Corn farmers are happy that ethanol manufacturers are buying their crops, but livestock feeders are not.

Corn stocks appear to be so tight there is only a three week reserve supply, and then, a recent government decision about ethanol poured more gas on a surge in prices..

The U.S. Environmental Protection Agency recently approved E15 – 15 percent ethanol blended with 85 percent gasoline – as a fuel for vehicles manufactured between 2001 and 2006.

Ethanol is primarily made from corn, so the EPA decision is apt to increase demand for corn and add to sharply higher prices.

So hog feed will probably cost more too.

“It’s very disappointing that the administration made this decision given the rising price of corn and the lower estimate for this year’s corn harvest,” said Randy Spronk, a hog and crop farmer and the chairman of National Pork Producer’s environment committee.

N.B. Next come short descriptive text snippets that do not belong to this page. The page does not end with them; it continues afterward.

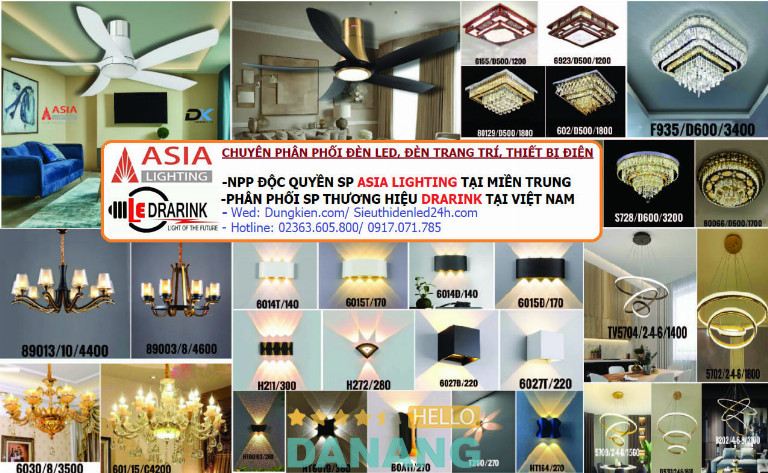 Công ty thiết bị điện và chiếu sáng Dung Kiên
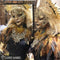 PRIMAL CONTACT LENSES Costume Accessories PRIMAL® Chaos - Black Coloured Contact Lenses, 3 months usage 628153229415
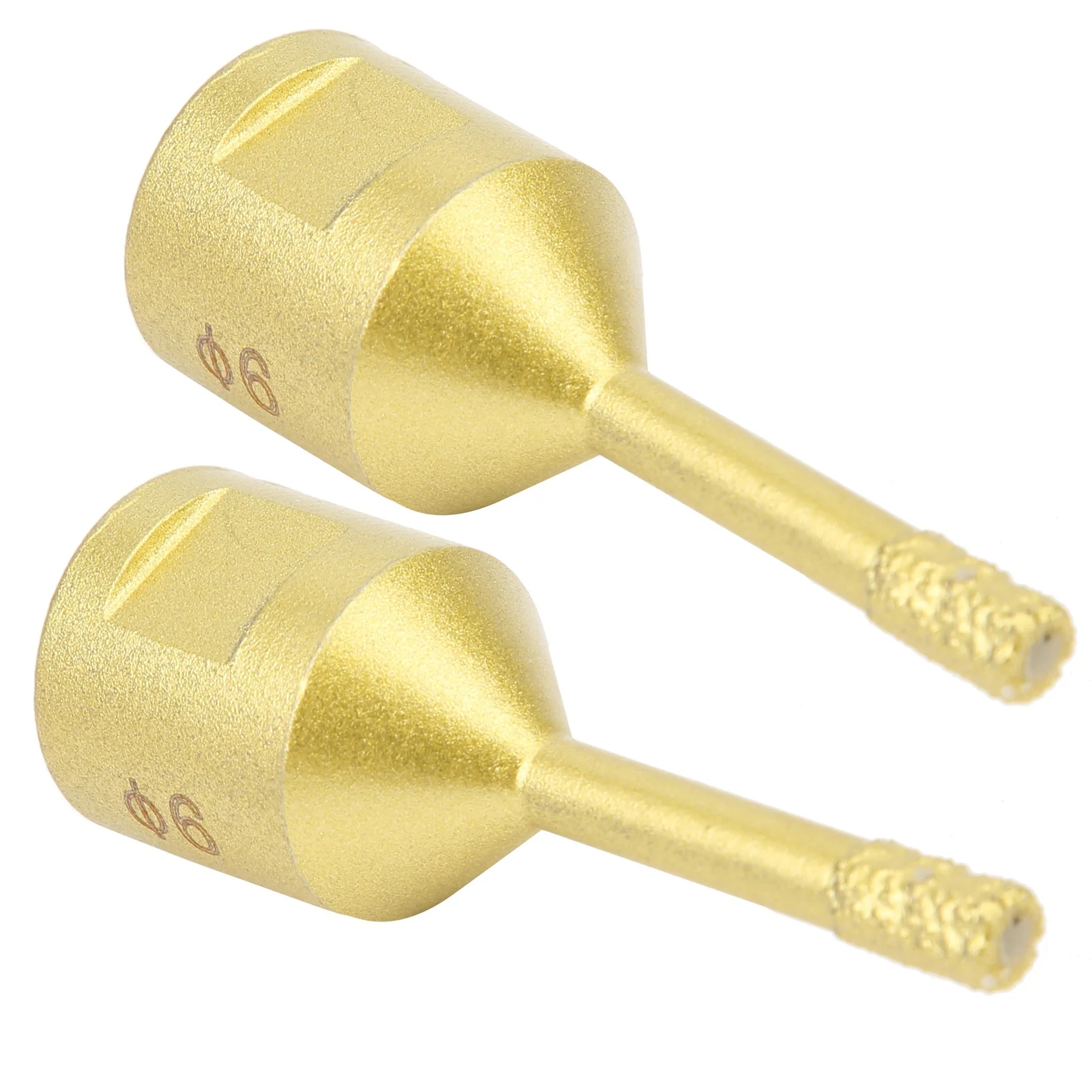 6mm 2Pcs Diamond Hole Saw Drill Bit Opener Efficient Oval Chip Drain Hole Designs Brazing Drilling Marble Concrete Tools
6mm 2Pcs Diamond Hole Saw Drill Bit Opener Efficient Oval Chip Drain Hole Designs Brazing Drilling Marble Concrete Tools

In mid-January, the U.S. Department of Agriculture reported that corn stockpiles were the lowest on record. The national corn “carryover” is thought to be less than three weeks’ worth.

NPPC says livestock producers could mean regional corn shortages in some parts of the country.

The organization joined with other livestock producer groups Nov. 9 in a federal lawsuit against the anticipated EPA decision to raise the blend rate to 15 percent, arguing that the agency exceeded its authority in granting a partial waiver of the Clean Air Act.

Under the clean air law, EPA may only grant a waiver for a new fuel additive if it will not cause or contribute to a failure of any emission control device or system. EPA has admitted that E15 can cause harm to the systems in some older vehicles, the NPPC said.

“We don’t want a repeat of a couple of years ago when, due mostly to high feed-grain prices, pork producers lost an average of nearly $24 a hog for 28 months,” Spronk said.

But EPA Administrator Lisa Jackson said thorough testing shows that E15 does not harm emissions control equipment in newer cars and light trucks.

“Wherever sound science and the law support steps to allow more home-grown fuels in America’s vehicles, this administration takes those steps,” Jackson said.

Nebraska is the nation’s second largest producer of ethanol with 24 active ethanol plants.

The increasing demand for ethanol will be good for the economy, Rep. Adrian Smith said.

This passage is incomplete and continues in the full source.